Antibiotic Pollution from Agriculture

Antibiotics encompass a wide range of chemical compounds that can be produced naturally, semi-synthetically, and synthetically (Manyi-Loh et al., 2018). They are used to stop bacterial growth (“bacteriostatic”) or kill bacterial growth (“bactericidal”) with minimal damage to the host receiving them (Milic et al., 2013; Martínez, 2012; Gillings, 2013). They are categorized as either bacteriostatic or bactericidal, as well as by their scope in the pathogens they target as either narrow or broad-spectrum. These drugs are not only used in clinical settings, but they are also regularly used in livestock farming to treat and prevent animal diseases, promote growth, and improve feed-to-weight ratios (You & Silbergeld, 2014; Hong et al., 2013; Hao et al., 2014). Increasing consumer demand for animal protein worldwide is instigating more intensive farming methods (Manyi-Log et al., 2018). Antibiotics given to livestock is resulting in consequent antibiotic residues in animal-derived products and waste streams.

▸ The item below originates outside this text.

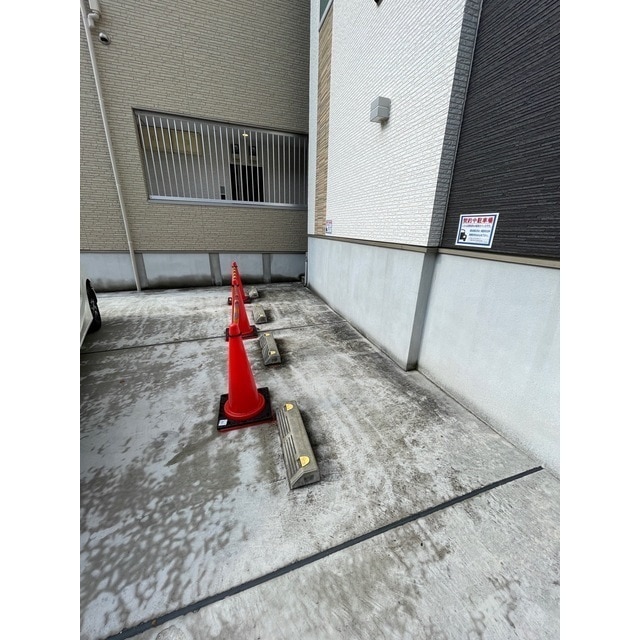 ライトブレスの物件内観写真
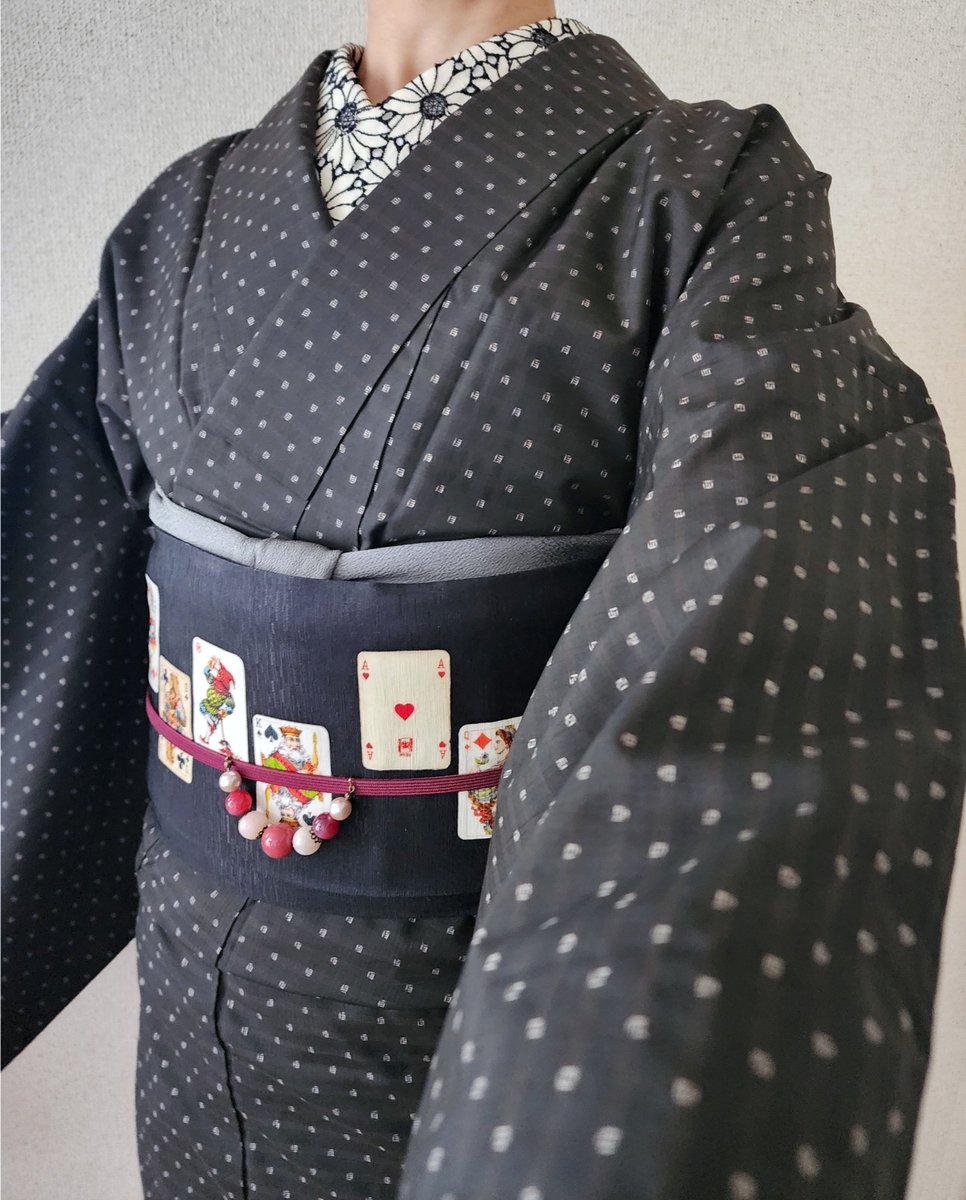 豆千代モダン 🎀🎀 (@mamechiyomodern) / Posts / X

Globally, the main classes of antibiotics widely used in agriculture include tetracyclines, aminoglycosides, β-lactams, lincosamides, macrolides, pleuromutilins, and sulphonamides (Finley et al., 2013; De Briyne et al., 2014; Baynes et al., 2016). The overall quantity of antibiotics used in agriculture is estimated to fall between 63,000 and 240,000 tons. In fact, about 80% of antibiotics sold in the U.S. are used for animal production alone (Ventola, 2015). Contrastingly, Sweden is an example of a country that has banned antibiotics for animal growth purposes. According to Swedish agricultural data, there were no recorded loss of production after they implemented this ban (Cogliani et al, 2011). This example shows that such policies have the potential to be effective since reduction of antibiotic use was not followed by pervasive animal disease and successfully reduced antibiotic resistance buildup (Wierup, 2001).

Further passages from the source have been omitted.